For the rest of the ride, I fantasized about what I would find when I opened the book. Would it be gut-wrenching, my-hearts-been-torn-out-and-stomped-on poetry? Would it be the lyrics of the next Taylor Swift wannabe? Would it be one of Hilary Swank's student's Freedom Writers diaries? Or perhaps a travel diary, like the ones I write whenever I go on vacations that aren't Florida or Buffalo.
After what seemed like an eternity, I arrived at the doctor's office, checked in, and then after sitting my sweaty self down in the plastic chair, pulled out the journal. Carefully, I peeled back the elastic and opened it up.

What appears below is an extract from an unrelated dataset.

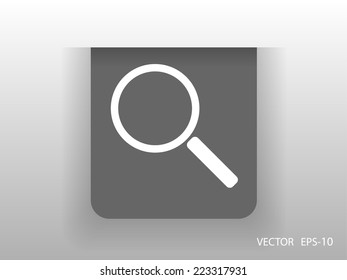 Icono plano de la persiana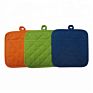 Kitchen Microwave Neoprene Puppet Oven Mitt Harvest Color Customized Heat Resistant Cotton Oven Mitts and Potholders Sets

Nothing. Absolutely nothing. I blurred the image to protect the author's (and I use that moniker lightly) identity but believe me when I tell you that the contents did not match any one of my romantic fantasies. The contents were not even remotely related to any one of my romantic fantasies. From what I can tell, this journal is nothing more than Donald Trump-esque inspirational tips for selling financial products.
Sigh. And not in a good way.
So what can we learn from this little tale? Is it to stop picking up trash from the gutter? Or is something else. Like that journal writing is one of the last purely romantic things left in our world. And its one fantasy I'm not ready to give up.
So if one day you find a journal in the gutter, and it looks like this:
And it has a day-by-day recount of a recent trip to Paris, Spain, and Morocco. And its got awesome quotes from books and restaurant named under the heading of "Restaurants to go to" and book titles under the heading, "Books to Read", it's mine. Give it back.
PS. In case you were worried, that lump on my foot turned out to be nothing more than running too much with shoes that were done up too tight.
*Why after the summer? I'm pretty sure it's because she believes that while she is away at camp, I pretty much don't do anything but sit home and either (a) write her letters or (b) wait for the postman to bring me letters from her. This is mostly true.